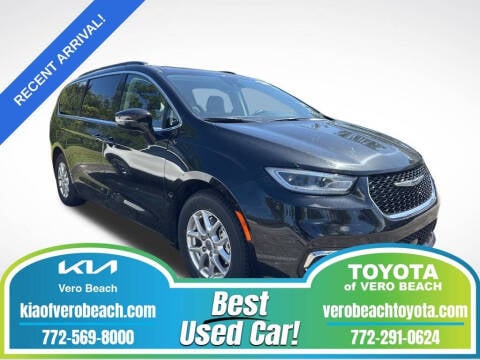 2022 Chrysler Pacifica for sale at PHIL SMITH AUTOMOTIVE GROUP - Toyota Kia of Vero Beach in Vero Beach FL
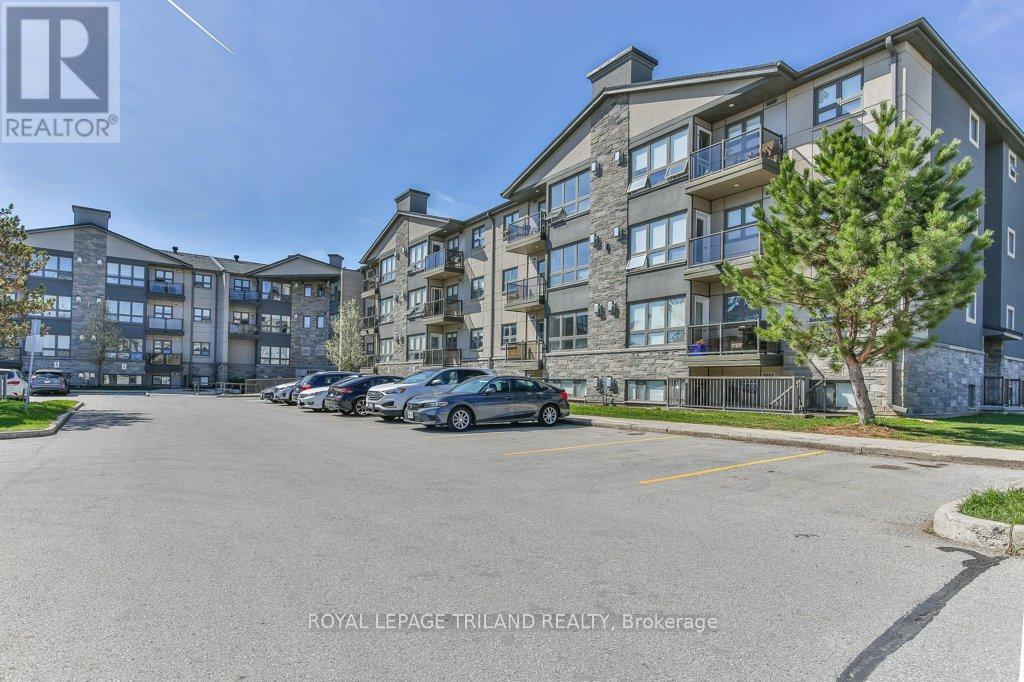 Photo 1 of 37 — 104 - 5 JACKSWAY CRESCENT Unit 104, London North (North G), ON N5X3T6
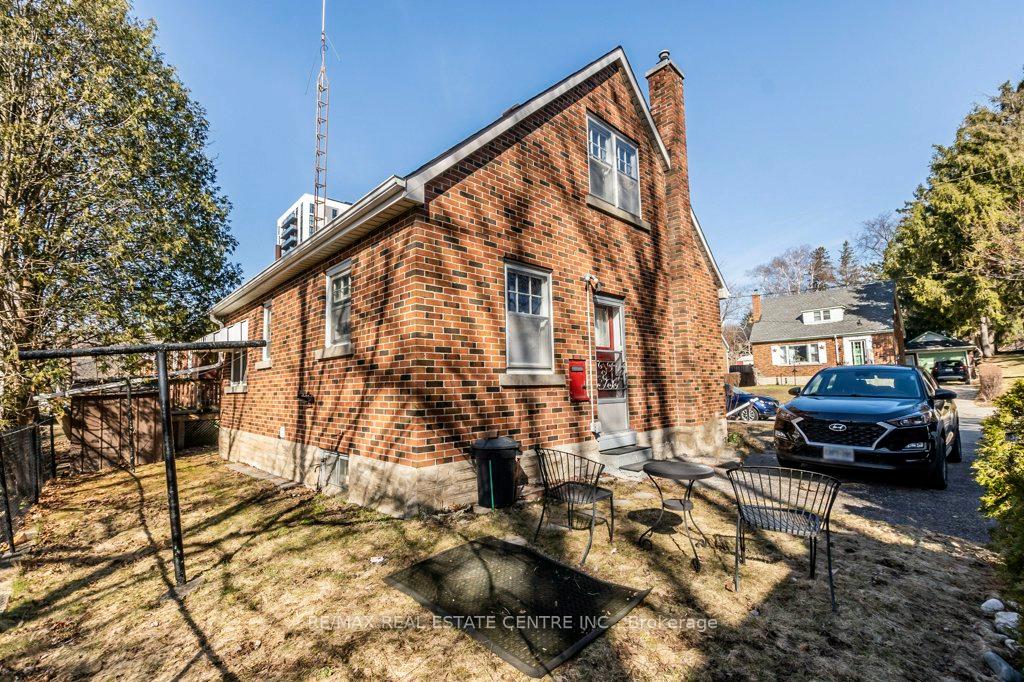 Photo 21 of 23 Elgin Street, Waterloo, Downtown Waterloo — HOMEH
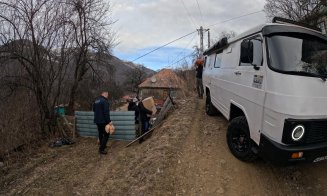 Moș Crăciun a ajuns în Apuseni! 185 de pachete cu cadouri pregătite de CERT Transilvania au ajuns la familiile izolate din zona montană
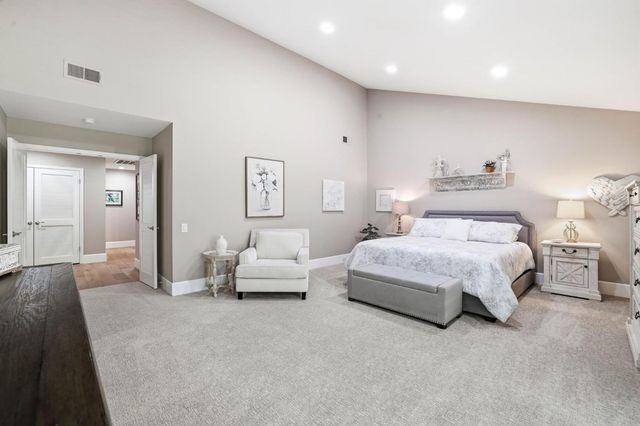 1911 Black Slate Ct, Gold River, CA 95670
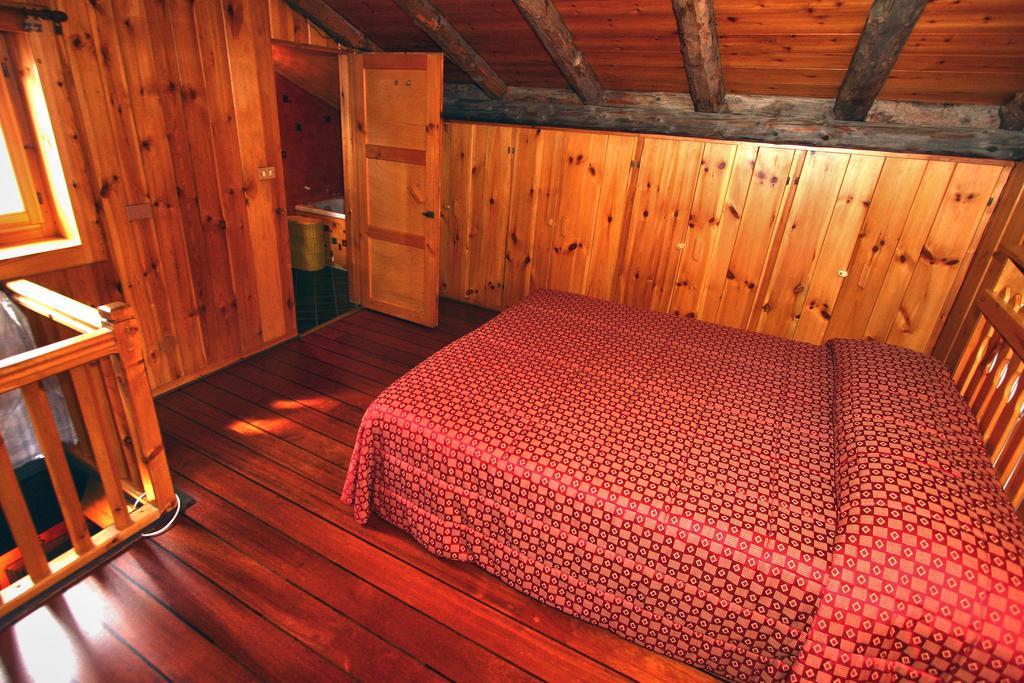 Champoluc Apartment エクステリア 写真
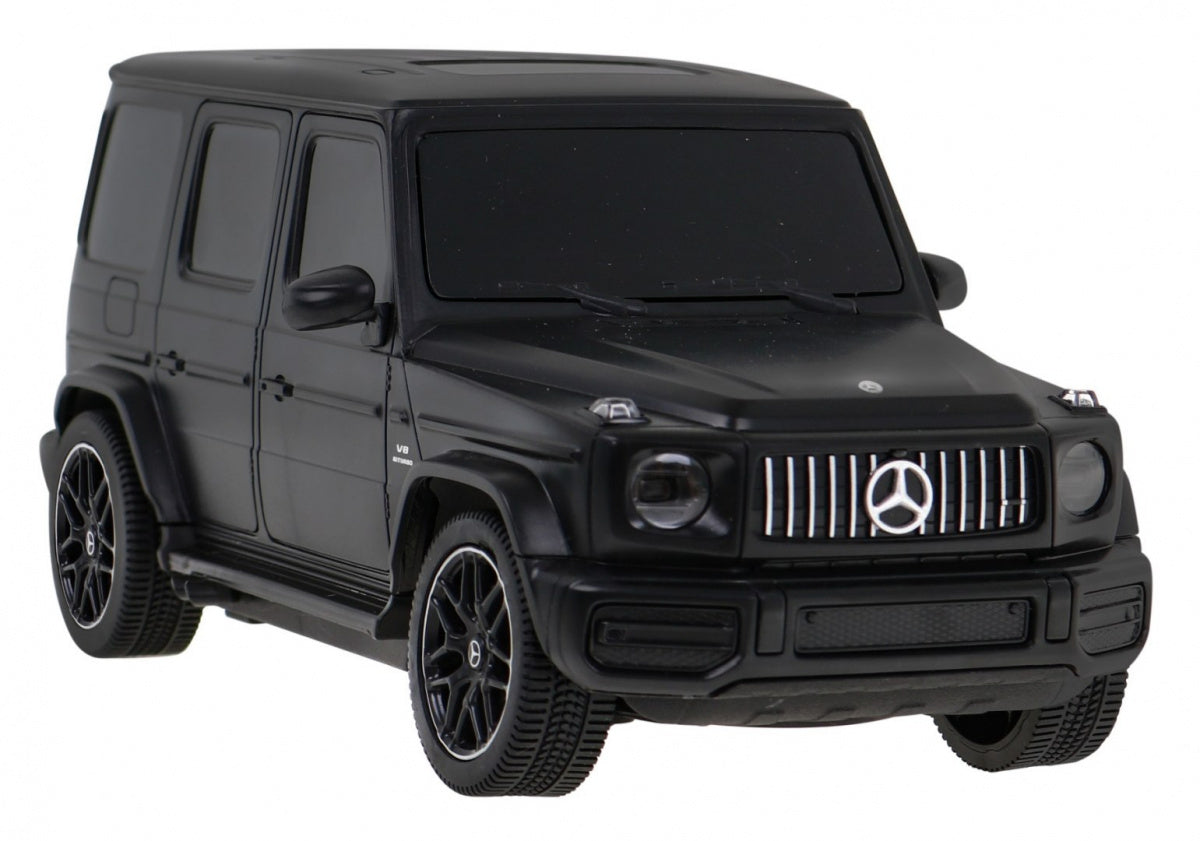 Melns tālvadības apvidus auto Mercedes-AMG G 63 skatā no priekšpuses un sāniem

·····

Problem details -
The required answer is an exact copy of the lines from the one containing "Champoluc Apartment エクステリア 写真" through the last line of the material, with the pictures removed.

Result of this task -
 Champoluc Apartment エクステリア 写真
 Melns tālvadības apvidus auto Mercedes-AMG G 63 skatā no priekšpuses un sāniem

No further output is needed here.